How much does is cost to drive across the river and back? 

Tune in Saturday.







Well sure we've all had "computer issues" I guess.

But what I'm wondering is why, as I was going to bed last night, everyone was certain that these 24,000 plus some outstanding ballots would have no bearing on some of the other close races.

Eric Strachan missed making a runoff last night by fewer than 2,000 votes.  And Austin Badon was tantalizingly close to avoiding one altogether.  I understand that not all of the outstanding ballots affected these specific districts but still no one was concerned that these results might not have been "final"?

At around 2:30 a.m., the secretary of state posted new totals that appeared to include -- for the first time -- early voting numbers for Orleans. Those totals showed the tolls defeated by the narrowest of margins: 50.14 percent to 49.86 percent, a split of just 829 votes out of more than 300,000 cast.

However, those numbers apparently were not really the "final" numbers. The secretary of state's website still listed no actual tallies for early votes in Orleans Parish, at that point, though the "yes" and "no" columns each had been boosted by roughly 12,000 votes.

Meanwhile, Gambit editor Clancy Dubos tweeted that even those late numbers did not include some ballots that had to be tallied by hand.
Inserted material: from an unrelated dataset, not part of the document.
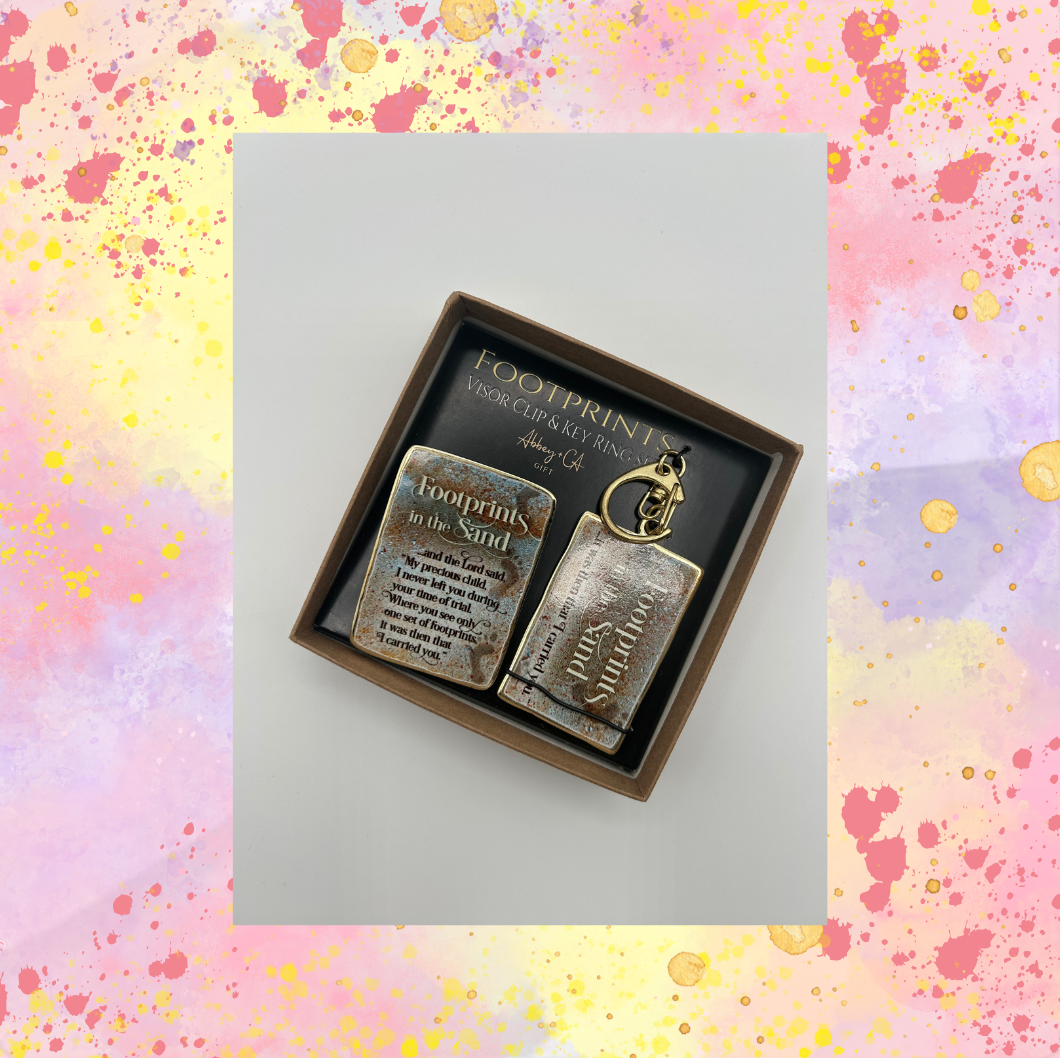 Footprints In The Sand Visor Clip and Keychain Set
At 3:11 a.m., he said those votes had apparently been counted, and the tolls had passed by a margin of just eight votes as a result.

Somehow counting these late-added early votes  by hand at 3:00 am, even under the watchful eye of Clancy Dubos, seems suspicious. I mean there are real live trolls who have a stake in this thing after all.  So now they're counting the military absentee votes.  I don't know where those voters actually live in Orleans Parish but a lot of military families do live on the West Bank.  Anyway we'll see how it goes.